MINHA CRIANÇA SEMPRE VIVA! PRA QUÊ?
30/12/2014
A ideia era acordar e escrever sobre a tragédia que foram os dois assaltos que sofremos há uns anos, na antiga casa de onde nos mudamos, completamente assustados. O assunto tem surgido meio enviesado, por conta de uma ou outra charla com amigos e filhos, e eu vinha tendo necessidade de fazer desaguar as marcas desse acontecimento de memória tão pesada. Até andava insatisfeita comigo mesma por nunca me lembrar do ocorrido, a me julgar uma pessoa indiferente, como se a própria história não me houvesse deixado marcas. Como fico tempos e tempos sem nem me recordar de fato tão violento e marcante? Seria por aí, acreditava, mais cedo, a tônica da conversa a ser posta em letras...
Mas, a vida, como lhe é intrínseco, independente de cada um de nós, se fez presente cruamente, com sua autonomia e traço. Traço que tanto poderia ter a suavidade de um afago em nossa face quanto uma agressividade descomunal a provocar cicatrizes perenes. Como foi o caso, enquanto eu supunha realizar coisas ligadas ao mundo de palavras regeneradoras... Mais ingênua, impossível! Uma menina!

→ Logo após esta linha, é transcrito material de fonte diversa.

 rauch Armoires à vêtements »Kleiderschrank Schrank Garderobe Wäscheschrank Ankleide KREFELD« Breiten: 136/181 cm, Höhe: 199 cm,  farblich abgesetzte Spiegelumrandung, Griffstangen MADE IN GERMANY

Mal me levanto, venho a saber da perda de uma vida infantil, iniciante, a custar o desespero e a pena de adultos que lhe cercavam, e isso me toma por completo, me desviando de minha – agora percebida assim – irrelevante intenção para dar a partida para o meu dia. Assaltos tidos como tragédia? Régua torta, quebrada, inútil, essa, que mediu desse jeito os efeitos daquelas noites de abril de pouco mais de uma década atrás! Como estava enganada em minha medição das coisas, meu Deus! Como dimensionei mal a força daquele fato antigo que nos deixou a salvo, a mim e a meus filhos, apesar da violência empregada! Perdas materiais? Recomeço? Essa aritmética traz resultados enganosos que não sobrevivem, por certo, a uma banal prova dos 9! O trágico reduziu-se a uma ocorrência totalmente secundária. Tudo é mesmo relativo. Tudo mesmo, sejam quais forem as dores acumuladas pela vida afora, e de qualquer tipo! Tudo cessou! Tudo perdeu tamanho diante da notícia que me chega de Campos. Uma menininha morta numa piscina!
Por que fatos assim precisam acontecer para cada um se dobrar à sua insignificância? Fato coisa nenhuma! Fato tem data, circunstância, sujeitos. Tudo objetivamente definido. Essa tragédia não é desse tipo, ela é daqui para a frente, teve data apenas para ter início! É marca para todo o sempre. Dores desse tido me são velhas conhecidas. Aos 15 anos, comecei a perder irmãos, já falei disso aqui.
Qual o sentido de tamanha dor?
Imobilizada, volto a minha infância, à fase de uma consciência totalmente ingênua. Entendendo que nada posso fazer, que a dor está posta e que, diante dela, sou total e absolutamente incapaz, fico a imaginar ações sem sentido ou eficiência, seja para o que for (não reparem na série de infantilidades, coisa de criança mesmo, que eu, menina mesmo por instantes, não me envergonho de contar): não comer nem doces diet em sacrifício para que a família suporte melhor a sua perda; não entrar na piscina por um tempo, eu que ontem mesmo fiquei horas e horas com Luna aproveitando a delícia da água para combater o intenso calor de Niterói; não fazer a minha sesta depois do almoço por algum tempo; não fazer isso ou aquilo, ..., uma série de inutilidades, sem nenhum efeito prático em torno do que sucedeu...; bem ao modo de quem apela para o pensamento mágico na impossibilidade de ter a Ciência a seu favor, pelo que a mesma não oferece para atenuar as dores da alma. Só bobagens! Só criancices! Só arremedos do que ficou dos meus tempos de menina católica que fazia promessas em prol da obtenção de alguma graça a ser obtida. Sempre fica um pouco de perfume nas mãos daqueles que oferecem flores? Pois é, das nossas antigas crenças também.
Volto à razão e tenho mesmo é que enfrentar a crueza dos fatos e seus determinantes. Nada disso é nada! Nada disso muda nada! Não sei, nada sei, nada obtenho com nada que vier a inventar. Só percebo meus limites, minha total nulidade ante o que sucedeu.
Cheguei a esta vida, por ela passo, usufruindo seus momentos e dela partirei sem ter a mínima ideia de por onde passa a fonte primeira de sua trama. Diabólica, às vezes. Que horror!